A bizarre-looking carcass washed ashore recently on a New Zealand beach, fueling speculation that it was some sort of sea monster.

This is because the head and teeth of the deteriorated corpse resembled that of something ferocious and prehistoric, while the rest of the creature was unidentifiable to beachgoers who made the discovery because of its state of decay.

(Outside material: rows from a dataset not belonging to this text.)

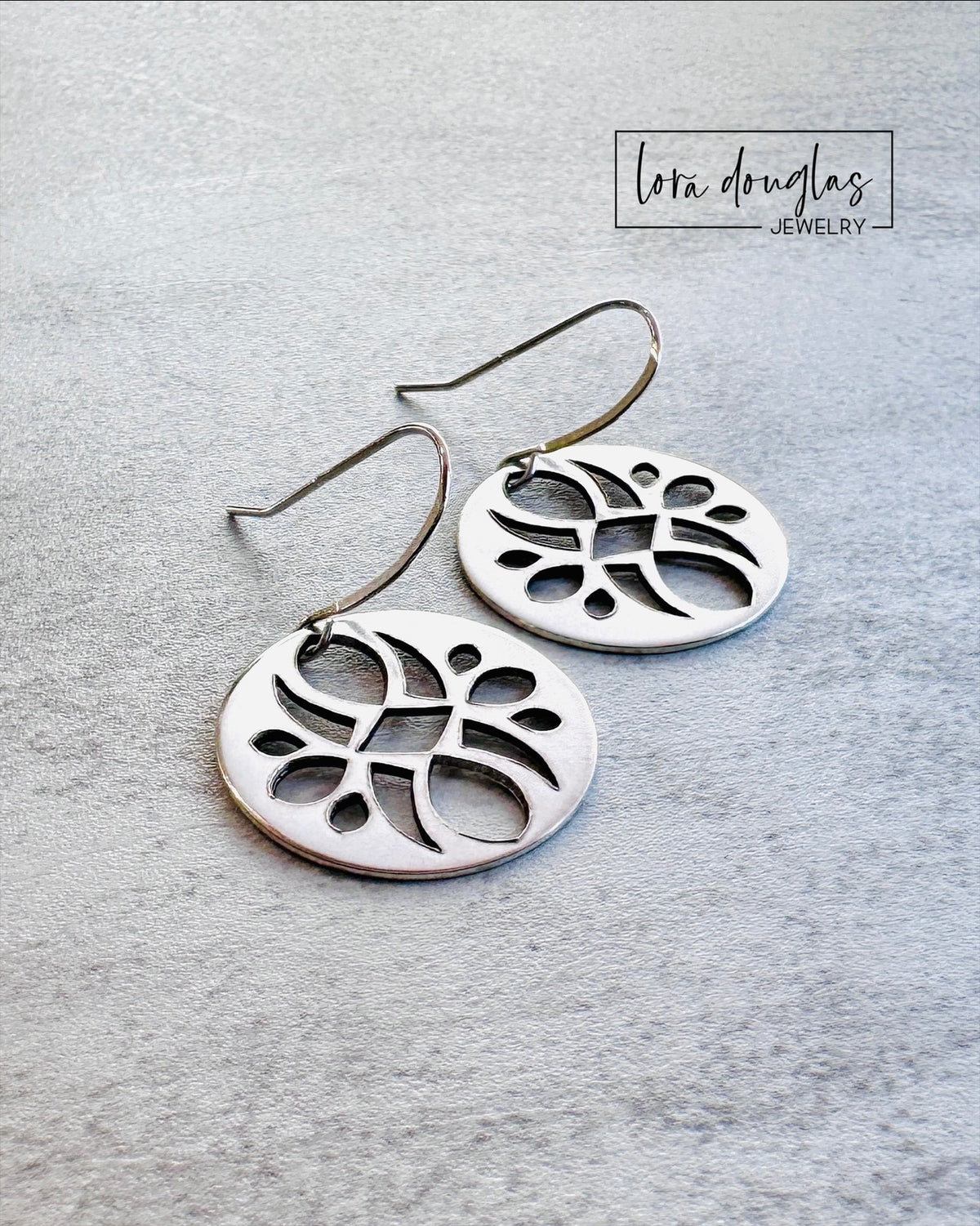 Round sterling silver dangle earrings featuring an intricate cutout design that creates texture and open space, handmade with 7/8 inch discs for shoppers seeking artistic statement jewelry that remains easy to wear.
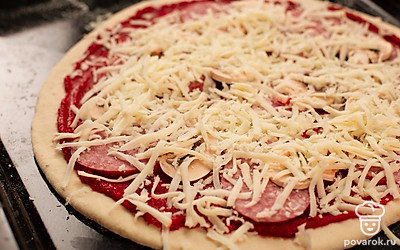 Сделайте из теста тонкий диск, раскатывая его до диаметра 25-30 см. Смажьте основу томатной пастой и выложите на противень, разложите шампиньоны и салями. Сверху равномерно посыпьте тертые сыры и отправьте в духовку на 15 минут.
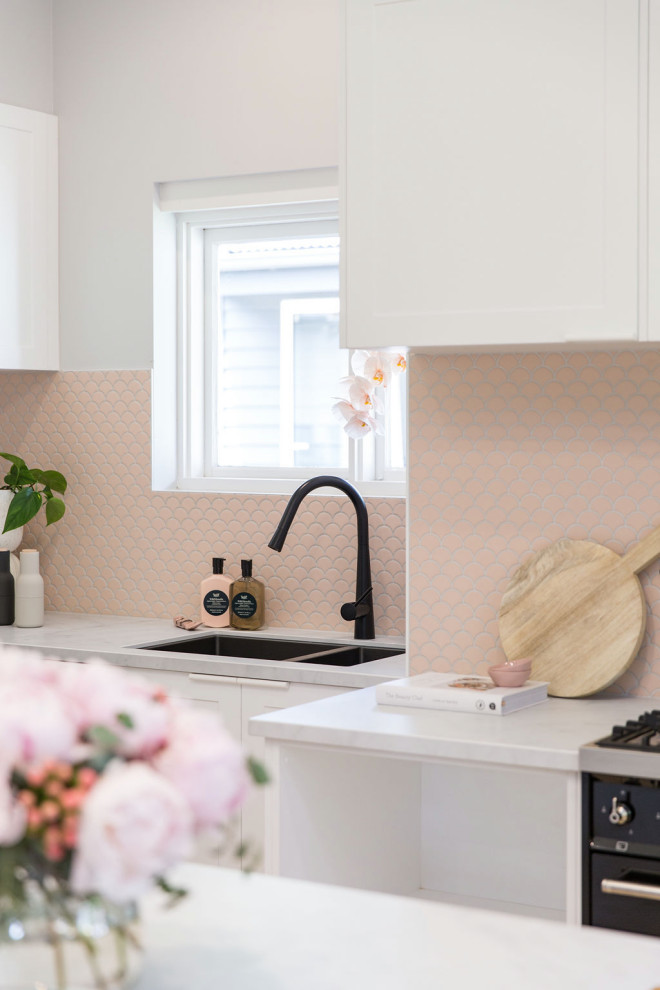 Photo of a small scandinavian l-shaped eat-in kitchen in Melbourne with an undermount sink, recessed-panel cabinets, white cabinets, quartz benchtops, pink splashback, mosaic tile splashback, black appliances, medium hardwood floors, with island and white benchtop.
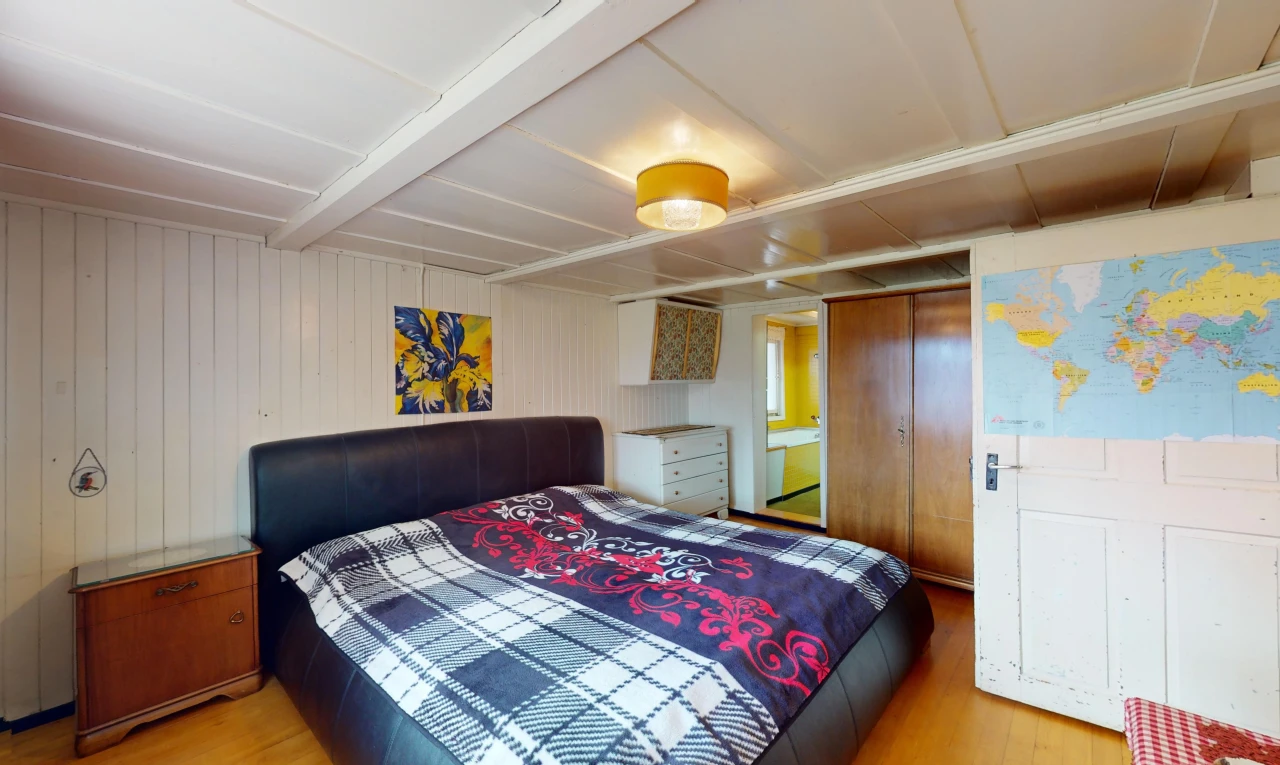 zimmer / schlafzimmer mit niedrige decke, kleiderschrank, und parkettboden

A YouTube video described the carcass on Pukehina Beach in the Bay of Plenty as belonging to a “strange marine creature” and the uploader asked: “Can anyone identify what it is? It has a huge head and teeth with rudimentary flippers. It seems about 9 [meters] in length but the lower part of the body is probably mainly entrails from an attack.”

 

 

Finally, however, the mystery appears to have been solved. The sea monster, according to a marine mammal expert, was most likely simply a killer whale, or orca. (Killer whales are commonly seen in the Bay of Plenty.)

Anton van Helden told New Zealand’s Sun Live newspaper that his identification was based on the fin structure of the animal.

Discovery News reported on the find under the headline: “‘Monster’ Carcass Washes Ashore in New Zealand,” and explained that creatures washing ashore in severe states of decomposition have been misidentified as sea monsters or dinosaurs for generations.

Some of these massive, unidentifiable blobs have been dubbed “blobsters.”

Discovery cites an 1896 incident in which a massive 6-foot-high “fleshy corpse” came ashore at St. Augustine, Florida. After lots of speculation a naturalist decided it belonged to some type of giant octopus, previously unknown to science.

In 2003, a 40-foot, 13-ton creature washed ashore on a beach in Chile. It was labeled by BBC News as the “Chilean Blob” and the remains were presumed by one expert to be those of a giant octopus or squid, and by another as whale blubber.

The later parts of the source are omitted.